The output is as follows,
      300    75.033841 .wh
      301    63.806904 s..
      302    63.806919 ..h

First column is zram's block index and 3rh one represents symbol
(s: same page w: written page to backing store h: huge page) of the
block state. Second column represents usec time unit of the block
was last accessed. So above example means the 300th block is accessed
at 75.033851 second and it was huge so it was written to the backing
store.

Admin can leverage this information to catch cold|incompressible pages
of process with *pagemap* once part of heaps are swapped out.

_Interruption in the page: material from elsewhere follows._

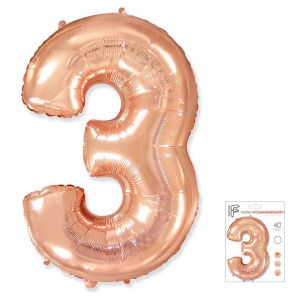 картинка FM 40 Цифра "3" розовое золото в упаковке от магазина Шар-Хан
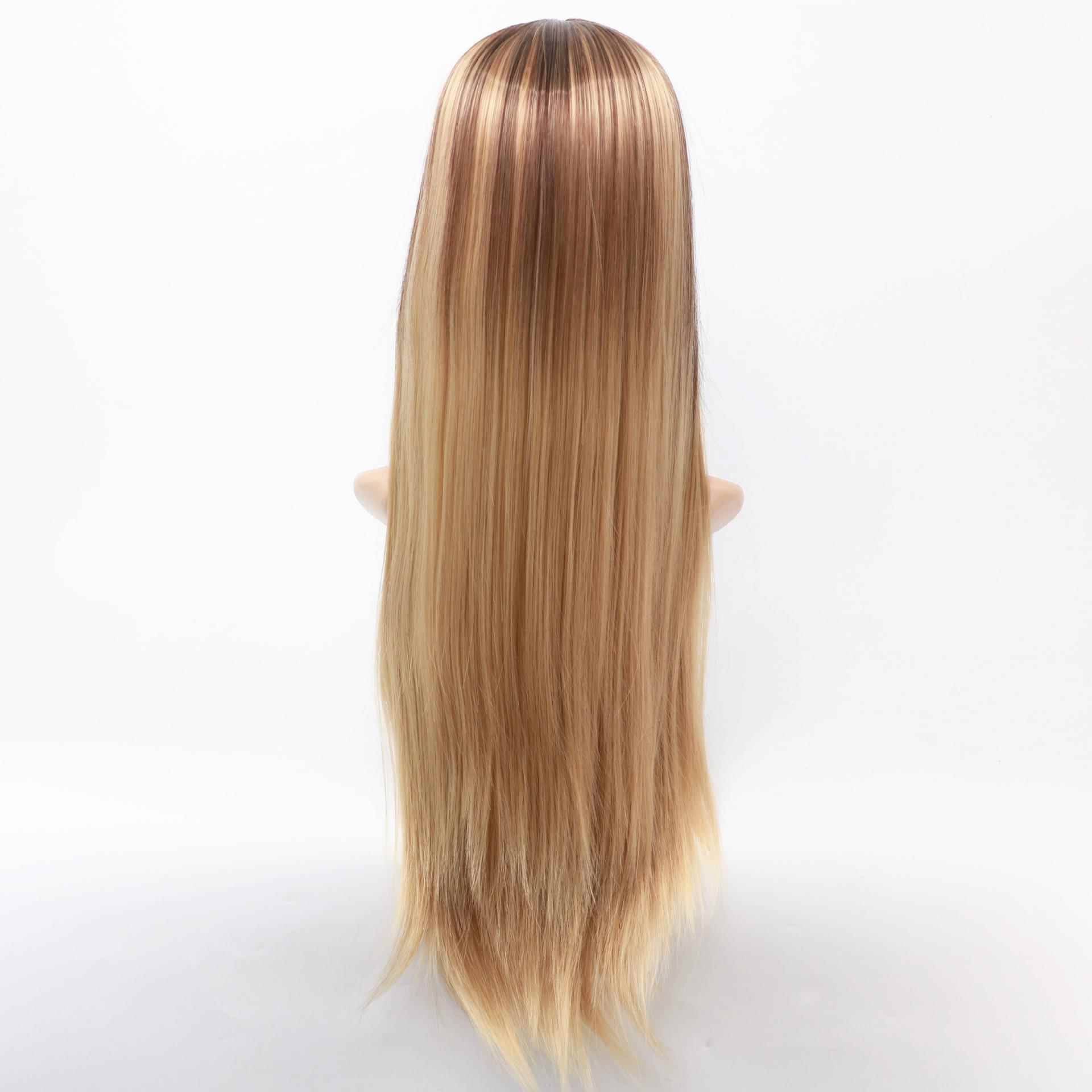 High -temperature silk long straight hair female yellow -brown genuine European and American fake discovery rose network wig manufacturers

I used the feature a few years ago to find memory hoggers in userspace
to notify them what memory they have wasted without touch for a long time.
With it, they could reduce unnecessary memory space. However, at that time,
I hacked up zram for the feature but now I need the feature again so
I decided it would be better to upstream rather than keeping it alone.
I hope I submit the userspace tool to use the feature soon

Cc: Randy Dunlap <rdunlap@...radead.org>
Acked-by: Greg Kroah-Hartman <gregkh@...uxfoundation.org>
Reviewed-by: Sergey Senozhatsky <sergey.senozhatsky@...il.com>
Signed-off-by: Minchan Kim <minchan@...nel.org>
---
* from v4
  * use ktime_get_bootimte - Andrew
  * add feature usecase in change log - Andrew

 Documentation/blockdev/zram.txt |  24 ++++++
 drivers/block/zram/Kconfig      |  14 +++-
 drivers/block/zram/zram_drv.c   | 131 +++++++++++++++++++++++++++++---
 drivers/block/zram/zram_drv.h   |   7 +-
 4 files changed, 162 insertions(+), 14 deletions(-)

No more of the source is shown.